Xtr = X_train[ML_FEATURES].copy()
Xva = X_val[ML_FEATURES].copy()

# Calibrated Logistic Regression (isotonic calibration)
lr = LogisticRegression(max_iter=3000, class_weight="balanced")
cal_lr = CalibratedClassifierCV(lr, method="isotonic", cv=5)
cal_lr.fit(Xtr, y_train)

p_lr = cal_lr.predict_proba(Xva)[:,1]

results = [
    fixed_metrics,
    dd_metrics,
    eval_scores(y_val.values, p_lr, "ML: Calibrated Logistic Regression"),
]

pd.DataFrame(results).sort_values("auc", ascending=False).round(4)

## 11) Recommendation

For this use case, the strongest and safest ML option is **Calibrated Logistic Regression**:
- It performs well on tabular preference data
- It stays explainable (coefficients can be reviewed)
- Calibration provides probability-like outputs suitable for percentile buckets

Operationally, you can deploy with **Fixed-weight rule** or **Data-driven rule** and treat ML as an enhancement if it improves validation lift.

---
## 12) Operational output: target IDs (si_offering=0) ranked by chosen score

Choose a score for ranking:
- `score_fixed` (fixed rule)
- `score_datadriven` (data-driven rule)
- `p_lr` (Calibrated Logistic Regression probability on validation)

In [None]:
# For production, you would refit the chosen model on the full dataset.
# Here, we demonstrate ranking using rule scores (available for all rows).

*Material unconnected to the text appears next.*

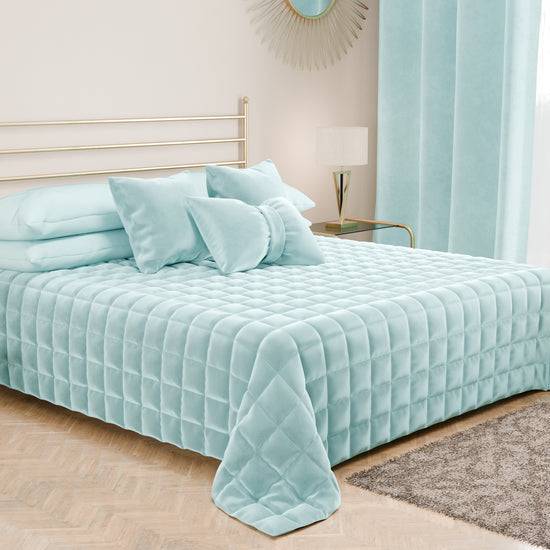 PETTI Trapuntino Copriletto Primaverile Autunnale In Velluto Double Face Celeste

RANK_SCORE = "score_datadriven"  # change to "score_fixed" if you prefer

df_out = df_feat.copy()
df_out["score_percentile"] = (df_out[RANK_SCORE].rank(pct=True) * 100).round(2)
df_out["bucket_3"] = pd.cut(df_out["score_percentile"], bins=[-0.01, 50, 80, 100], labels=["Low","Average","High"])

targets = df_out[df_out["si_offering"]==0].sort_values(RANK_SCORE, ascending=False)

cols = ["ID", RANK_SCORE, "score_percentile", "bucket_3", "MIFID","SI_CONSIDERATION_num","sfdr_gap","PAI_PREF","esg_topics_yes_cnt"]
targets[cols].head(20)

---
## 13) Pilot plan (create true labels)

Because `si_offering` is a proxy, validate value with a pilot:
- Treatment: High bucket (top 20% of `si_offering=0`)
- Control: random sample from eligible pool (or next bucket)
- Outcomes: response, meeting booked, adoption, pipeline created

After pilot: retrain on true outcomes and re-evaluate Fixed vs Data-driven vs ML.